Like Andrew, I don't find any delay when tethering my Nikon D200 as long as I don't outrun the in-camera buffer. When I used to shoot RAW for my stacks, I did pretty easily outrun the buffer and had to wait while it emptied. My sense was that it took about 40 rapid shots to get ahead of the buffer, but I never tested for that and may be wrong about the number. Since I switched to the jpeg format for my stacks, I have not outrun the buffer.

To avoid any potential RAW vs other formats contention: I find RAW very useful for general shooting, but for tethered stacks, where I can adjust exposure, contrast, and other parameters very precisely before capturing images, the advantages of RAW seem less compelling. And if I have to convert RAW files to another format before stacking, it's another layer of hassle (even though I can of course batch that chore).

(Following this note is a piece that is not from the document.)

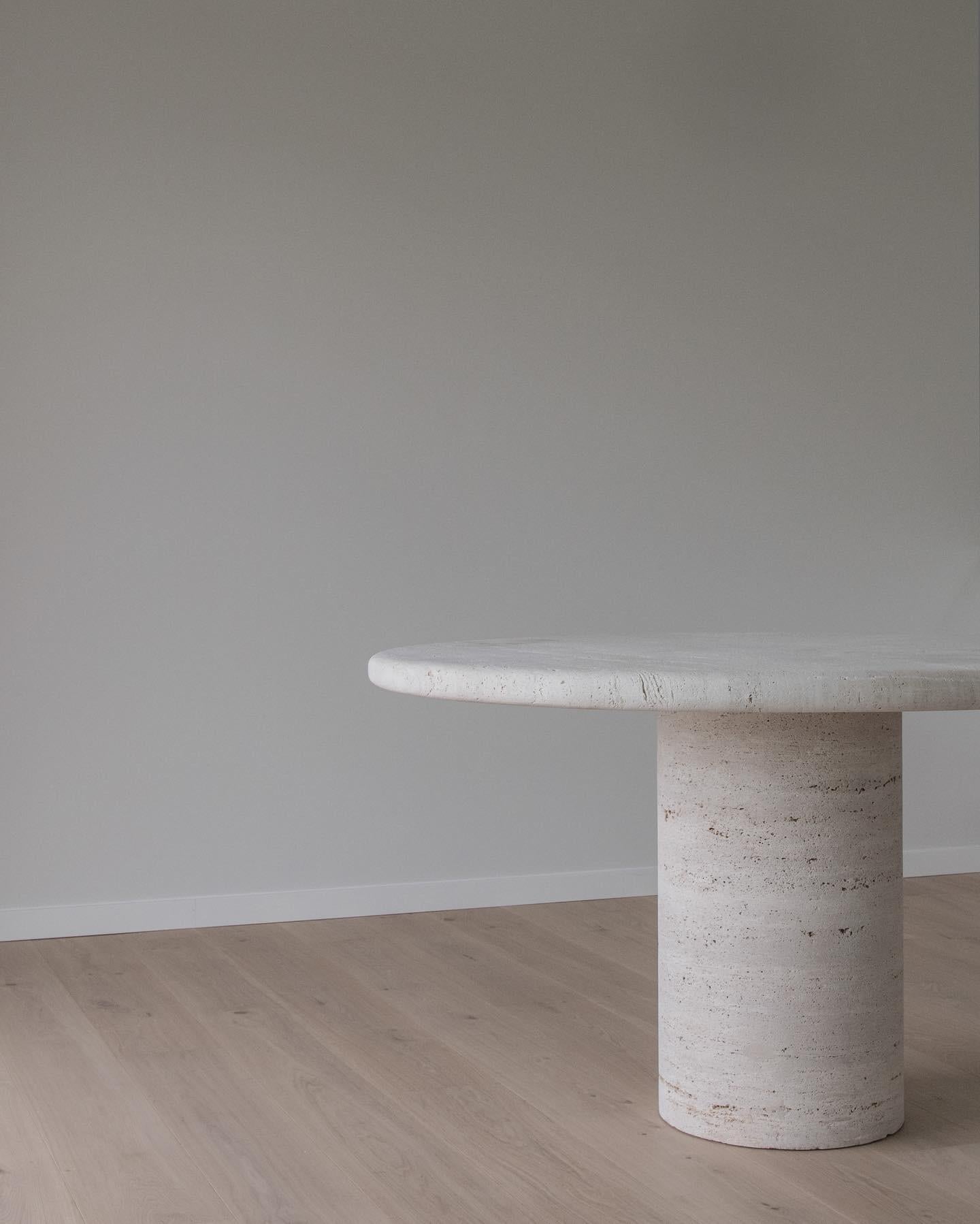 Moderne Petite table ronde en marbre par Bicci De' Medici en vente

My guess is that the question of potential delay might vary greatly based on camera brand and model, software used, image format used, and other factors. As Andrew suggests, it's pretty easy to download a free trial (even of the overpriced Nikon software) and try it out.

Also, my D700 has Live View, but in my limited tests of it, it didn't interest me much. Part of this is that I use flash, rather than continuous light, for macro. But in our digital age, the film is free--so simply tethering and taking test shots, which immediately appear on screen in precisely the same form that they will later be captured, works very well in my book.